There is little doubt the state can set up whatever kind of system it wants for brand new employees. What is less clear is how much latitude lawmakers have to monkey around with the benefits of current employees and retirees.
"Look, my view on this is whatever we pass is going to end up in the courts," Cross said.
The courts are likely to get involved because the Illinois Constitution says government employee pension benefits are a contractual obligation that shall not be diminished. That means any reduction in benefits is likely to spur a lawsuit.
Elaine Nekritz is a Democratic Representative from Northbrook, and the lead sponsor of the new pension plan.
"None of us want to take a vote that will require that we be back here in five to seven years,” Nekritz said. “We know that these changes are really significant, but that's the level of changes that need to occur in order to fix the problem."
Some lawmakers say Nekritz's unilateral approach is not constitutional, because you have to offer employees something in exchange for accepting reduced benefits.

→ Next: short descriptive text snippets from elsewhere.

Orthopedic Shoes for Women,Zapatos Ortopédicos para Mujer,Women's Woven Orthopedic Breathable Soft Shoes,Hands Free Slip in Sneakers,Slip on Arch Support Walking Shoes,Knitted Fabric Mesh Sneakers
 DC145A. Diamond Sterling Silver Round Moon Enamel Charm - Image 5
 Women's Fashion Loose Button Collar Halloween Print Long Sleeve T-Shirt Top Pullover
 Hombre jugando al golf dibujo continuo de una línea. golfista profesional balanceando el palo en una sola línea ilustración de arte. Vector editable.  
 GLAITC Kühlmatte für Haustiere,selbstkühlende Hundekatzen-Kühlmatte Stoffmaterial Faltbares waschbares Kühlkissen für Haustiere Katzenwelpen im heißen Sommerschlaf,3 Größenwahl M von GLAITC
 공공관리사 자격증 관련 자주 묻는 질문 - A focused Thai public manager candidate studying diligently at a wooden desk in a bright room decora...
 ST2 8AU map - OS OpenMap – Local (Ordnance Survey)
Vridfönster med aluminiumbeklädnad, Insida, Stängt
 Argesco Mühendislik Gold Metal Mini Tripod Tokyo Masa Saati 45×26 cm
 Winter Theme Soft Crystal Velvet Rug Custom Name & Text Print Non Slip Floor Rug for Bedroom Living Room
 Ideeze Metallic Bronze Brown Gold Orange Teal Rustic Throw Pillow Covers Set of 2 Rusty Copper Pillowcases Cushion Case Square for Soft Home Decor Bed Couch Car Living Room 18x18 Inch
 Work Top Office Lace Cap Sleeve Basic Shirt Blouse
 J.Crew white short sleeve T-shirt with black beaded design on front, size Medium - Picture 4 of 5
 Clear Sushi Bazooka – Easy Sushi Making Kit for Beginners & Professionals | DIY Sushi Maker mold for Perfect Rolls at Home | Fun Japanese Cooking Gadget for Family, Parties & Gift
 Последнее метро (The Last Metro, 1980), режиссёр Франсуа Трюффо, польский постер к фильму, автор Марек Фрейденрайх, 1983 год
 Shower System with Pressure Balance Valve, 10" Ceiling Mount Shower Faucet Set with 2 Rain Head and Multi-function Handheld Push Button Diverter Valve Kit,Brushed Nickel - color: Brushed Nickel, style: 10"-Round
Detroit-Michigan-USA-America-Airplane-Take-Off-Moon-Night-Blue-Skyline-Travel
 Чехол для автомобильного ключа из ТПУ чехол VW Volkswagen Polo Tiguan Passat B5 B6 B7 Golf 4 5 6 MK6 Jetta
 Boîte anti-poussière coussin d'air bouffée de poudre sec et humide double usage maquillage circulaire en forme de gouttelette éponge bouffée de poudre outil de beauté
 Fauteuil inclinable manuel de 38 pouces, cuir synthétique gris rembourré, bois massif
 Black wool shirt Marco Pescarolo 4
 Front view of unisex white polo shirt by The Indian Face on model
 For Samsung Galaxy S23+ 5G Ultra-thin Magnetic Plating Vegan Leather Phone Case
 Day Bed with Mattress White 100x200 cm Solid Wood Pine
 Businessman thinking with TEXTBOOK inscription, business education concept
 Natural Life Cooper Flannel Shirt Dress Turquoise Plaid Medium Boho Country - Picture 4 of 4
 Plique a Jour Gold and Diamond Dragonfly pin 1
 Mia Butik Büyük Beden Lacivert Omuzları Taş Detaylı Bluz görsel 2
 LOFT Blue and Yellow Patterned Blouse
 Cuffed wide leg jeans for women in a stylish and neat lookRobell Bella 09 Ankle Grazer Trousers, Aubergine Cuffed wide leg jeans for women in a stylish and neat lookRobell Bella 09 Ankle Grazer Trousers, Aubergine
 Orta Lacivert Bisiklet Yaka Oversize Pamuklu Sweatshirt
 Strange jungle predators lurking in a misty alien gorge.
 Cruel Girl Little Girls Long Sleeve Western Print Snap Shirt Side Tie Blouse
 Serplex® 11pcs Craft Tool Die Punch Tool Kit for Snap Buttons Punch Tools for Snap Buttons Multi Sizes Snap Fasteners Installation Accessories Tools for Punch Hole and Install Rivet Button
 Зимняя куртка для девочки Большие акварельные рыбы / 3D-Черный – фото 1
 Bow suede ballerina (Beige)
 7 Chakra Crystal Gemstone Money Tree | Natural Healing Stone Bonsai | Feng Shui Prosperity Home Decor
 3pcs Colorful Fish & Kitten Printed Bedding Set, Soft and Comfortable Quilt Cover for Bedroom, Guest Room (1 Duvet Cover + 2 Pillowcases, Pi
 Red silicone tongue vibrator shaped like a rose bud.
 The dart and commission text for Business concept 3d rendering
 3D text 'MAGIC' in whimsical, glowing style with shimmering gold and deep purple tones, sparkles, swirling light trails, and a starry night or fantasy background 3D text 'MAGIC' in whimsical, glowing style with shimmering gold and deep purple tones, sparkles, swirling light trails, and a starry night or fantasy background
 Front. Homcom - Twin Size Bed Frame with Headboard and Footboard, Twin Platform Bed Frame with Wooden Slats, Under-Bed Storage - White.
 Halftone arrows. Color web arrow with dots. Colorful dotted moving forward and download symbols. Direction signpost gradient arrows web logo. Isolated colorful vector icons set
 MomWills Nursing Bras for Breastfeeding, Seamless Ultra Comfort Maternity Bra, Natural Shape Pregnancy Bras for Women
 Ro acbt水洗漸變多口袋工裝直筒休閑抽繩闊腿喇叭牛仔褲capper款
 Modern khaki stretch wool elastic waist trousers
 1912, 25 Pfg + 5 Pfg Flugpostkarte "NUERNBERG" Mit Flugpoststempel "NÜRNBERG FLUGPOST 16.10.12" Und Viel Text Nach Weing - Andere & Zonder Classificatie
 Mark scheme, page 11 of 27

That has been the view of Democratic Senate President John Cullerton, though he said he will pass the Nekritz plan in legislation that has his own ideas as a back-up, in case the courts strike it down. Nekritz said she thinks the courts will give lawmakers broad latitude to solve the pension problem.
"The Constitution is restrictive, but it's not a death march for us,” Nekritz said. “We have to be able to fix these things in a way that achieves some balance between all the competing demands that the Constitution requires."
If signed into law, the pension plan would reduce the state's annual contribution to five employee pension accounts by $2 billion, reduce the $96 billion funding shortfall by 30 percent, and reduce the deficit within three decades, according to Cross and Nekritz, who were joined by about a dozen other representatives and senators at a news conference outside the House chamber on Wednesday.
Their plan is not viewed as a final attempt at a pension fix, but rather a way to show workers, unions, and others what the worst-case scenarios might be if they cannot agree to milder changes.
So far, most lawmakers have not clearly taken positions on specific ideas to address the pension mess.
That could change on Thursday when House Speaker Michael Madigan has scheduled a debate on several hot-button pension changes. Even more benefit cuts are on the agenda — like eliminating cost-of-living increases, raising the retirement age to 67 for everyone, and forcing workers to pay an extra five percent of their salaries toward pensions.